3. La creciente información que acredita los vínculos del gobierno usurpador del Tomandante Borolas alias Calderón, con el crimen organizado, son demoledores. La detención de García Luna primero y las recientes imputaciones a Luis Cárdenas Palomino, reconocido en su momento como súper policía y, a Ramón Pequeño, siguen abriendo el camino de la cárcel para quien usurpó la presidencia del 2006 al 2012.

4. Sin embargo, con una desvergüenza inaudita, Calderon sigue actuando públicamente como si nada de eso le concerniera. Un día sí y otro también, se la pasa intrigando en contra del gobierno del compañero presidente López Obrador.

5. Pero esta semana, Calderon se ha superado a sí mismo. Prácticamente convocó al pueblo venezolano a las armas, quitándose la careta de pacifista, claro, sin arriesgarse en lo más mínimo, porque no encabezará él el levantamiento. Con una cobardía que compite con su torpeza, plantea su sesudo análisis, justificando el que se genere una guerra civil en el hermano país.

6. No conforme con ello, manifiesta su preocupación de que en América Latina avance lo que él llama populismo y no descarta la vía armada para acabar con esos gobiernos surgidos del pueblo. Para que no haya duda de la contundencia de sus reflexiones, afirma que el compañero presidente López Obrador no está en sus cabales y no tiene capacidad para gobernar nuestra patria.

7. La derecha convoca a la violencia de manera permanente y cotidiana, complota contra nuestro gobierno, llama a destituirlo por la vía democrática -construida por el propio movimiento vía la revocación del mandato- o de forma violenta, sin excluir el magnicidio y, sin embargo, aseveran, como lo han hecho por décadas, que los violentos somos nosotros.

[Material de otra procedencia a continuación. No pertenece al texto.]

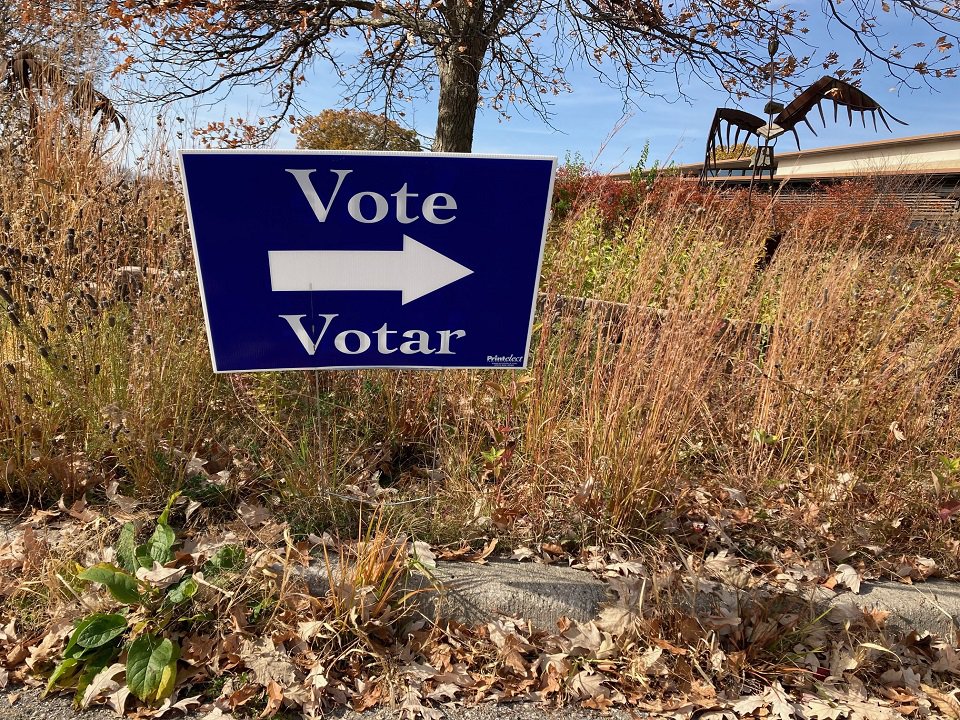 A sign pointing the direction to the polling place at Warner Park Community Recreation Center.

8. La hipocresía y caradura de la derecha no podía evidenciarse de manera más clara. Y no hay duda, que quien mejor representa en este momento al panismo, es Felipe Calderón. Desesperado, enfermo de poder, rezumando odio, quisiera que todo saltara por los aires con la finalidad de regresar a un país de corrupción, de impunidad, de baño de sangre, de falsedad, de remate del patrimonio nacional, de empobrecimiento y sometimiento de nuestro pueblo.

9. En esta semana, los senadores panistas celebraban, se solazaban, por las decenas de miles de muertos generados por la pandemia y lo equiparaban a la desaparición forzada de los 43 normalistas de Ayotzinapa. Los paniaguados, con Calderón a la cabeza, celebran las desgracias de nuestra patria, apuestan al fracaso de nuestro gobierno, aspiran al desastre nacional. Creen, que sea nuestro gobierno le va mal, a ellos les irá bien.

10. Su irresponsabilidad y su mala fe son monumentales. Ni siquiera se dan cuenta, en su grado de desesperación, que van arrojando todas sus máscaras a la basura y que se quedan desnudos, mostrándose en toda su monstruosidad, de cuerpo completo.

11. Ni humanistas, ni pacifistas, ni demócratas, ni opositores. Simples y burdos golpistas. Simples fascistas aspirando a un nazismo mexicano que erradique de la patria a todo hombre o mujer libres. Pero para su mala fortuna, somos legión. Somos el corazón mismo de la patria y somos el motor de transformación en la conciencia de nuestro pueblo. Somos el pueblo mismo hecho gobiernos, por eso no podrán derrotarnos.

"El pueblo tiene derecho a vivir y a ser feliz".

Gerardo Fernandez Noroña.

Tepoztlán México, 31 de julio de 2020.